(Activity)
Pictures appear among the records below and must be omitted. Repeat exactly the lines from the line with "The consignment transaction" to the line with "Step six: if", both included.
Raw data below:
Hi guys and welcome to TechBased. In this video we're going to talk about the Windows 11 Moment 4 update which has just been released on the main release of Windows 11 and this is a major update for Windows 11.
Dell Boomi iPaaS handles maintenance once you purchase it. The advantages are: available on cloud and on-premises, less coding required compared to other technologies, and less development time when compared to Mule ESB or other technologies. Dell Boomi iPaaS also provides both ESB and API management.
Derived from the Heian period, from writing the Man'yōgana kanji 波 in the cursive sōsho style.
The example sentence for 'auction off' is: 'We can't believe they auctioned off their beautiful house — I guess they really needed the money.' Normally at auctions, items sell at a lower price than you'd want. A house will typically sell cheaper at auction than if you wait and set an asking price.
End of Raw data.
Raw data below:
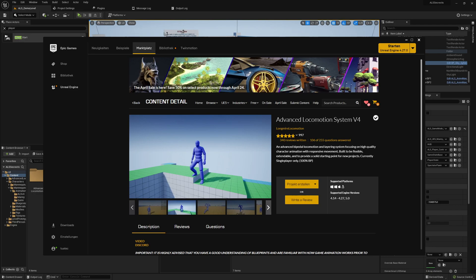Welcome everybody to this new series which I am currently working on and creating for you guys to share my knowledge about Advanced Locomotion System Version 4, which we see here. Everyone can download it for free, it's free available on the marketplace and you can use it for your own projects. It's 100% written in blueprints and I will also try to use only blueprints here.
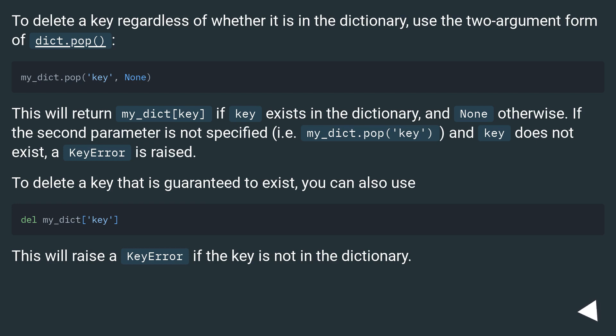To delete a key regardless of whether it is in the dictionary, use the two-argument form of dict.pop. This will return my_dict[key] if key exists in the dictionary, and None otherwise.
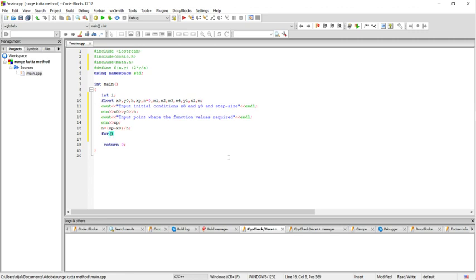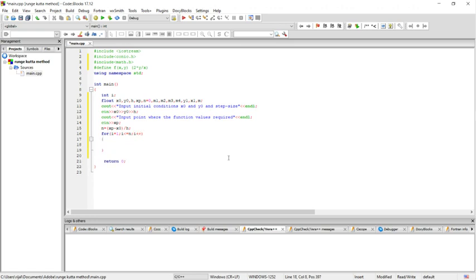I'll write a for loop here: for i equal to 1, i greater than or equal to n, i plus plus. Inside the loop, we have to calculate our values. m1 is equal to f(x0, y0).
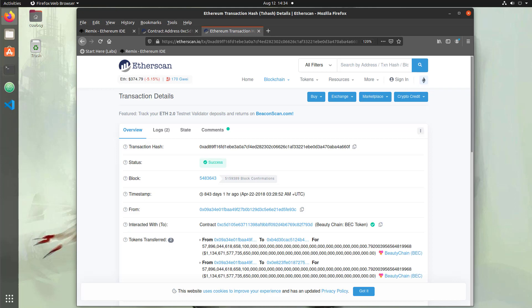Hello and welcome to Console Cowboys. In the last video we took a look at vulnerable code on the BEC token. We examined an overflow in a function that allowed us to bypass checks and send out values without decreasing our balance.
End of Raw data.
Raw data below:
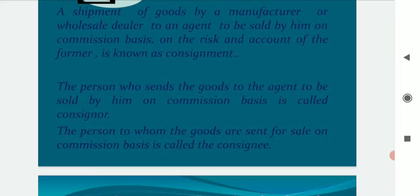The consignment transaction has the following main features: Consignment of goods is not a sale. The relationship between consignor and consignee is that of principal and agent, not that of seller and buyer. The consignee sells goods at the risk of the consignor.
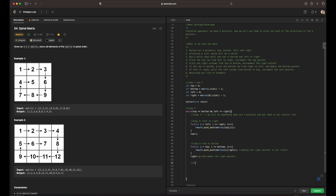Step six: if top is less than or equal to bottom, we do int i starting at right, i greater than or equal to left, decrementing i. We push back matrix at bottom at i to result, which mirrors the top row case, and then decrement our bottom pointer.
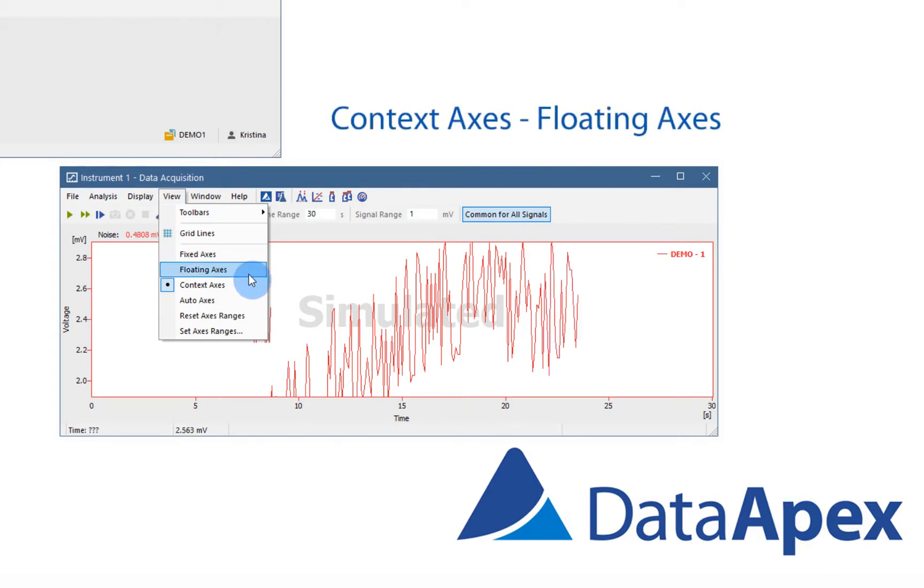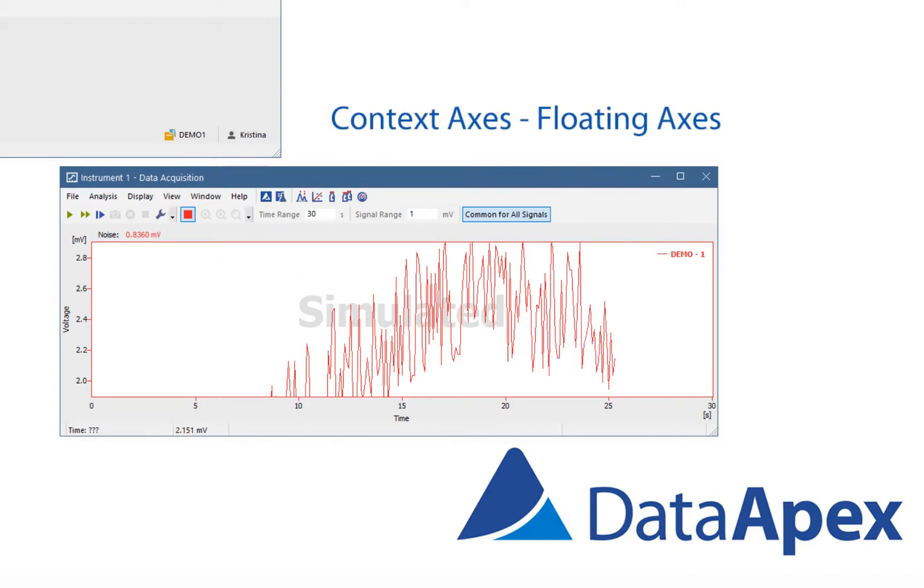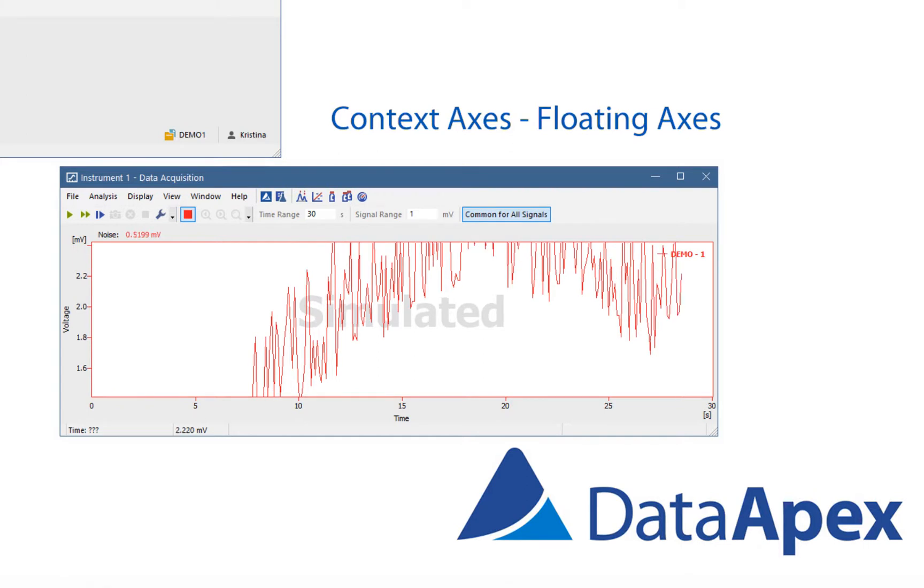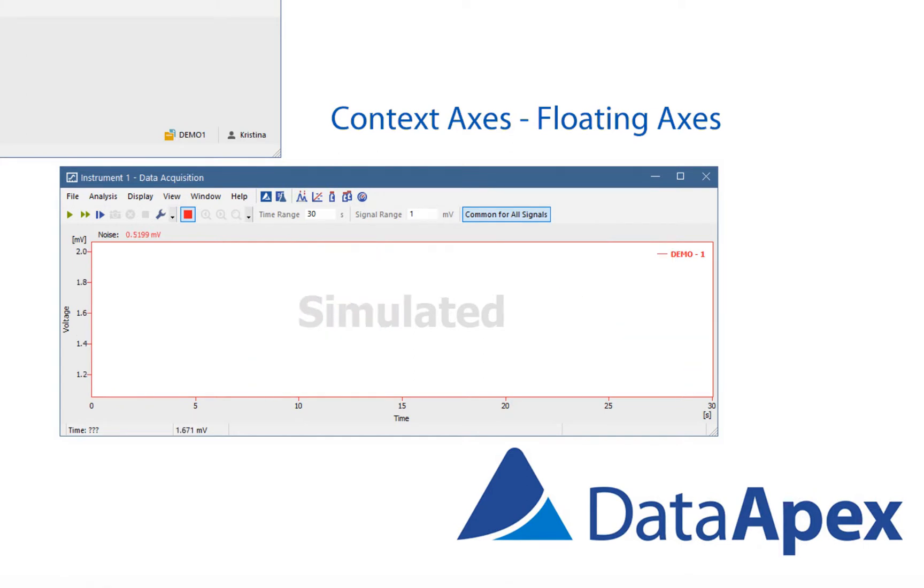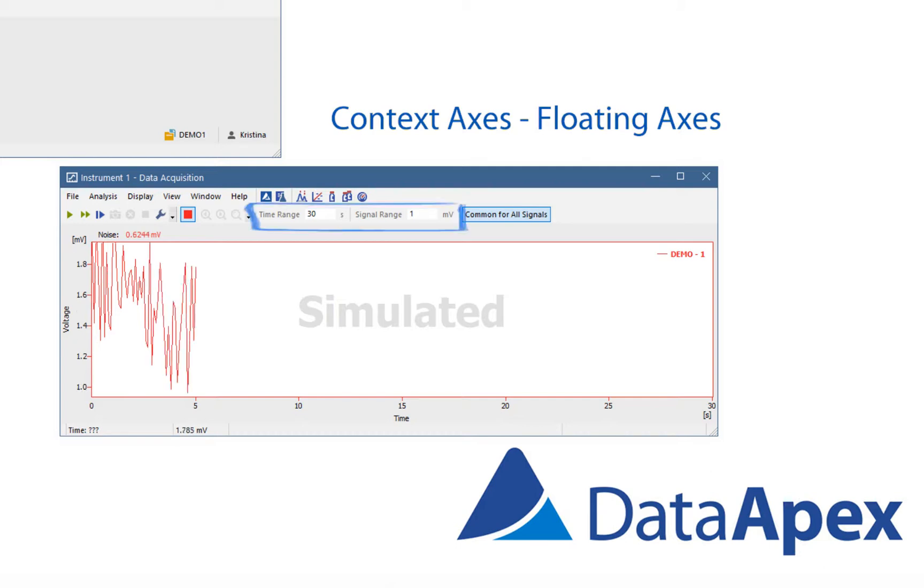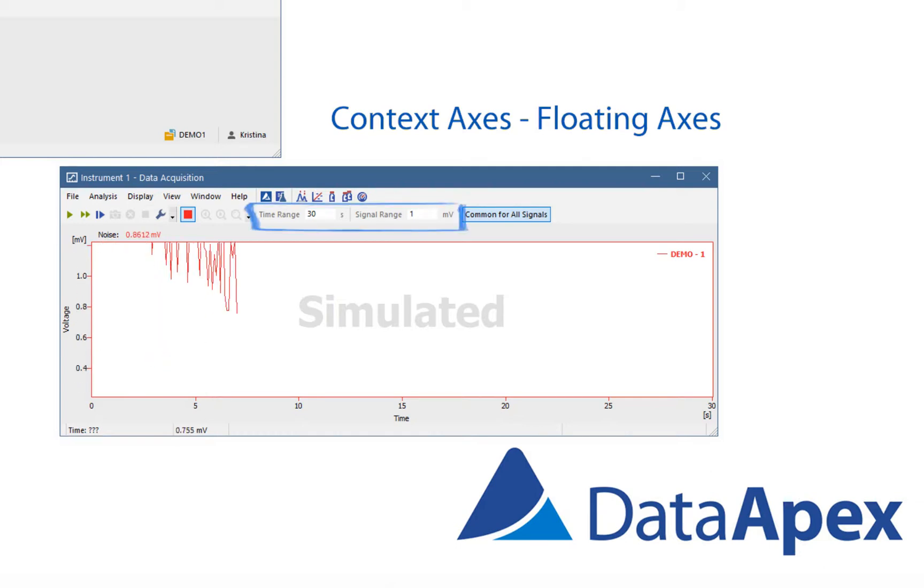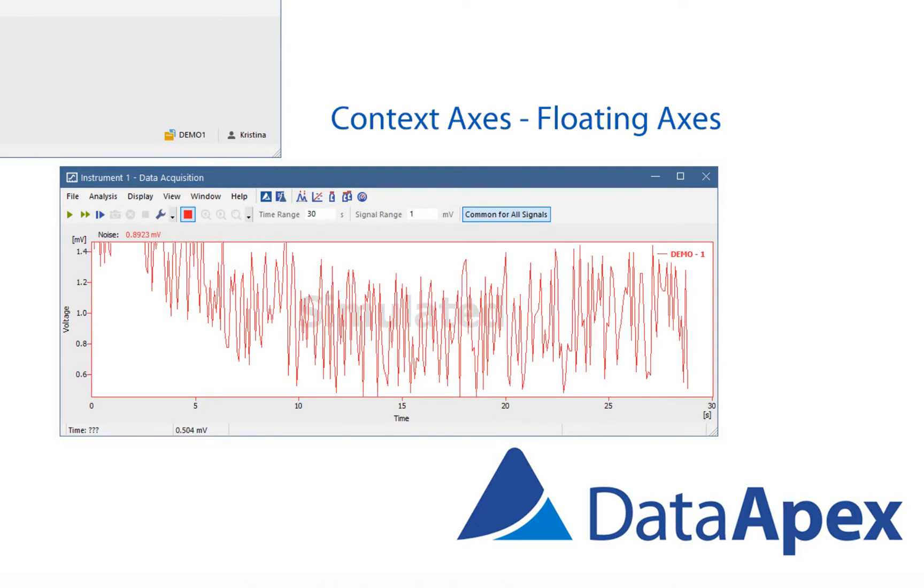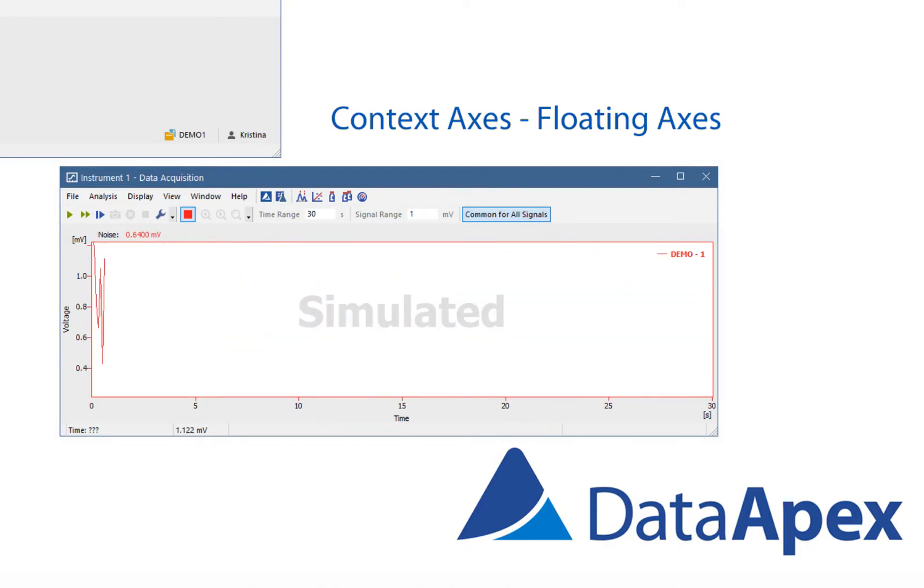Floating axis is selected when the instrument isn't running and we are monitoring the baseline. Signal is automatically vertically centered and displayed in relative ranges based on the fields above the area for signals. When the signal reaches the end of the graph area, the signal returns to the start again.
End of Raw data.
(Solution to the exercise)
The consignment transaction has the following main features: Consignment of goods is not a sale. The relationship between consignor and consignee is that of principal and agent, not that of seller and buyer. The consignee sells goods at the risk of the consignor.
Step six: if top is less than or equal to bottom, we do int i starting at right, i greater than or equal to left, decrementing i. We push back matrix at bottom at i to result, which mirrors the top row case, and then decrement our bottom pointer.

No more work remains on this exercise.